A foto ao lado é o (não tão) novo retrato da educação pública estadual paranaense. É possível acharmos outros cartazes ou murais semelhantes nas paredes das escolas, com exposições de variados índices produzidos por nós, trabalhadoras e trabalhadores da educação, em conjunto das e dos estudantes. Se não forem de frequência semanal das crianças e adolescentes, são de seus acessos semanais a alguma plataforma de Língua Portuguesa ou Inglesa, de Matemática ou dos Desafios Paraná, da plataforma Quizziz (questionários virtuais baseados nos conteúdos propostos pela Secretaria de Educação).
No primeiro dia de Estudo e Planejamento (uma grande farsa, já que nos ocupamos somente em pautas disciplinares e em como aumentar os supracitados índices) o discurso da direção foi bastante explícito: como fazermos os números subirem e, principalmente, como fazermos o Ideb subir?
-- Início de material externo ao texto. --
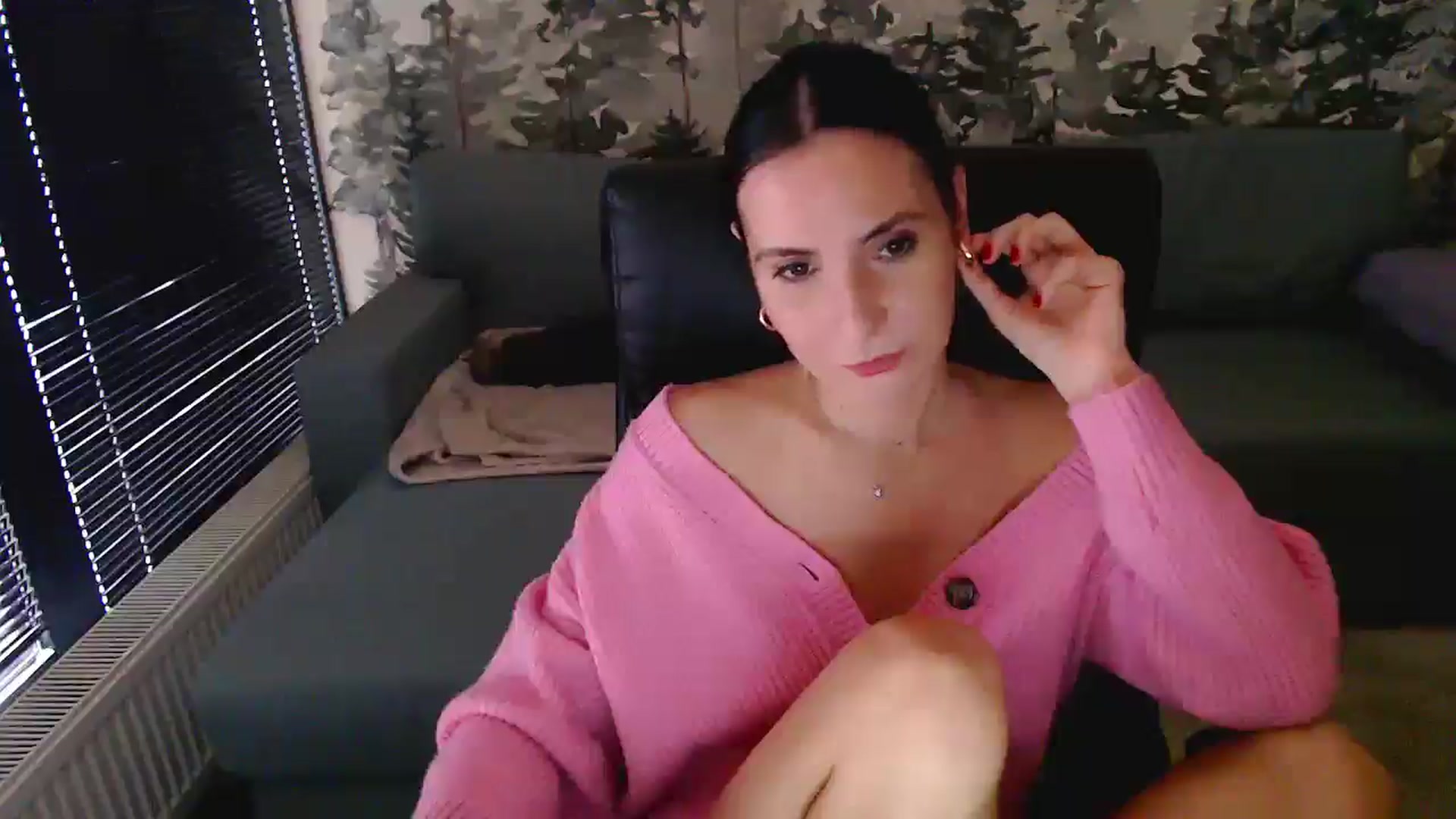 Gallery image thumbnail from NerdyDexter's myfreecams stream on, 11/09/2025, 12:48 image 17 of 20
A aprovação do alunado será certa, de pelo menos 95%. A taxa de aprovação compõe um dos fatores no cálculo do Ideb. Apesar dos comentários para buscarmos uma escola bonita, proposta por Paulo Freire, e de falar de Marx, sem citá-lo (o que me deixou toda incrédula, mas efemeramente esperançosa), logo vieram os gráficos de Prova Paraná, Frequência e o escambau, como numa empresa. Números, em metas e resultados, exibidos como se fôssemos acionistas, talvez. Nem isso, pois acionista não põe a mão na massa. O nosso forno de índices, nesse caso, é o chão da escola.
A novidade dessa semana é professores e professoras lecionando em dupla, nas disciplinas de Recomposição de Aprendizagem de Língua Portuguesa e Matemática. Ambas foram criadas este ano, na verdade em Resolução do final do ano passado, para os 9os anos do Ensino Fundamental e 3as séries do Ensino Médio. As escolas também receberam apostilas específicas para uso nas Recomposições. O intuito das disciplinas é preparar estudantes para o Saeb, avaliação que comporá a nota do Ideb. Isto é mais uma cartada da Seed em concentrar recursos para o grande índice. Digo isso pois poderia (e deveria) haver investimentos nas condições de trabalho dos trabalhadores e trabalhadoras em educação, por exemplo, ou mesmo na infraestrutura. Para um governo neoliberal, faz mais sentido injetar dinheiro no setor privado.
Gosto (na verdade, desgosto) de chamar esse processo de idebização. Não importa (e isso desde o governo anterior) se há aprendizado. Não importa se a escola promove um ambiente saudável e seguro. Não importam as relações de saberes; os saberes críticos, num período de colapso climático e de ascensão da extrema-direita. Não importam as precárias condições de trabalho, moradia e alimentação da classe que vive do trabalho. Não importa construir uma escola bonita. Importa em produzir números e, este ano, sobretudo, em produzir um Ideb bom. E não basta ser bom, tem de ser melhor do que o do ano anterior. Como numa empresa que busca crescimento infinito, tal qual prega a ideologia capitalista, o Ideb deve estar sempre crescendo.
E essa idebização é tão horrorosa que se faz ideológica. Como toda ideologia, nos cobre como um véu, fino e leve, um tule. A idebização nos tem feito trabalhar como se ela fosse natural. Como se ela fosse o objetivo central dos processos de ensino-aprendizagem, o objetivo central do trabalho docente. Como se a pedagogia que construíssemos fosse essa pedagogia dos índices. Desaparecem os e as sujeitas da escola. Surgem os números. Os incansáveis e inatingíveis números.
Num ano em que se completa 10 anos do massacre de 29 de abril, a Direção Sindical faz boicotar o movimento grevista. Nada como comemorar uma década de boicote (da grande greve de 2015) com um novo boicote. A falta de uma direção menos de imagem, e mais de luta parece contribuir com o tule. As forças para lutar estão esparsas. Percebo o cansaço de meus colegas. Percebo o meu cansaço. É preocupante o adoecimento docente.
É preciso de coragem e de organização coletiva para enfrentar as imposições deste governo que pouco quer a escola bonita, que é feita, sobretudo, com professores e professoras felizes.